## Data block
--- --- ---

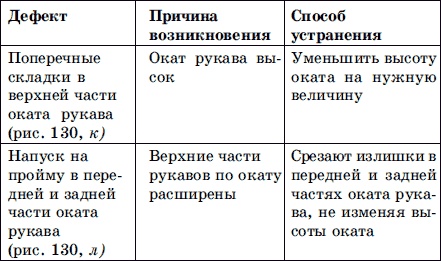 Мужская одежда. Технология пошива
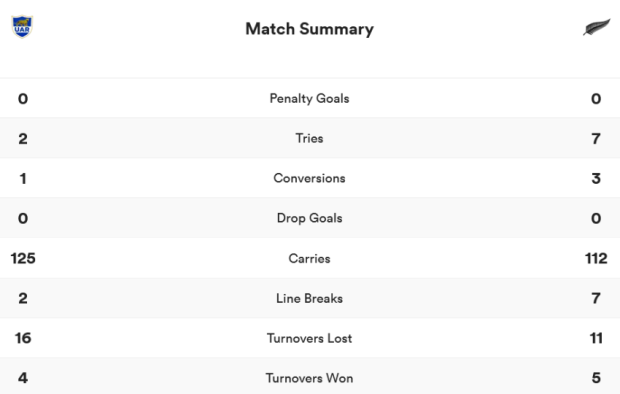 Argentina vs New Zealand - stats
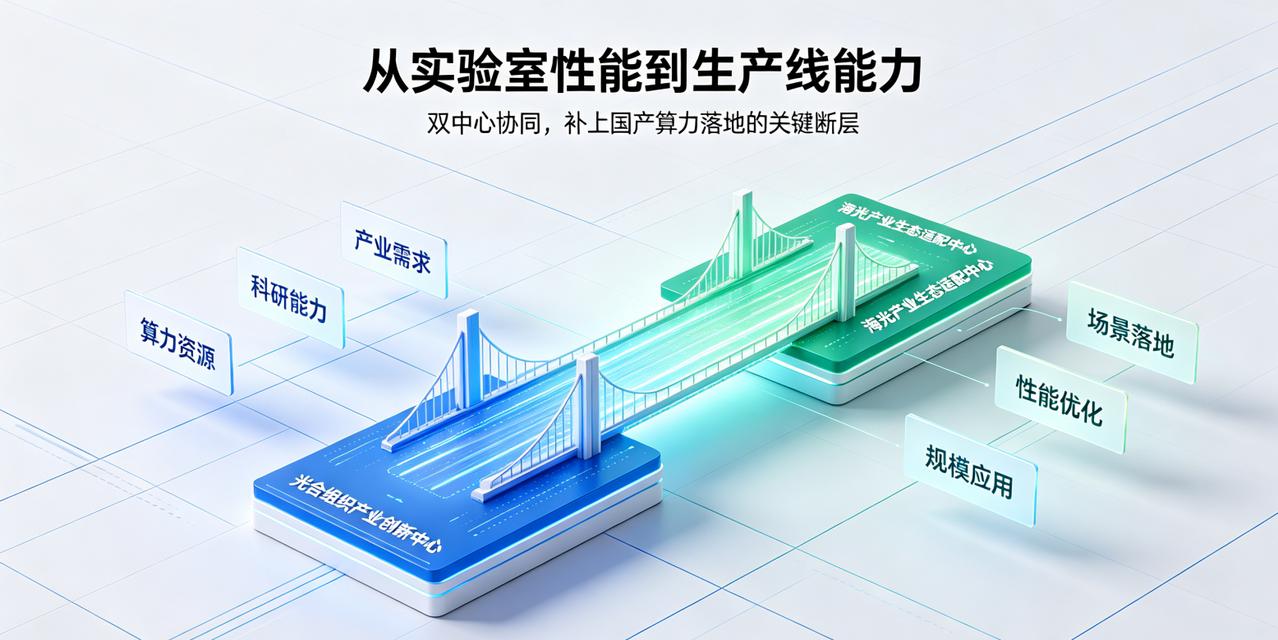 双中心揭牌背后，国产算力规模化落地的最后一块拼图这些年国产算力在芯片性能上进步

--- --- ---

## What you have to do
Pictures are not part of the copy; retype all the other material exactly.

## Result of this task
 Мужская одежда. Технология пошива
 Argentina vs New Zealand - stats
 双中心揭牌背后，国产算力规模化落地的最后一块拼图这些年国产算力在芯片性能上进步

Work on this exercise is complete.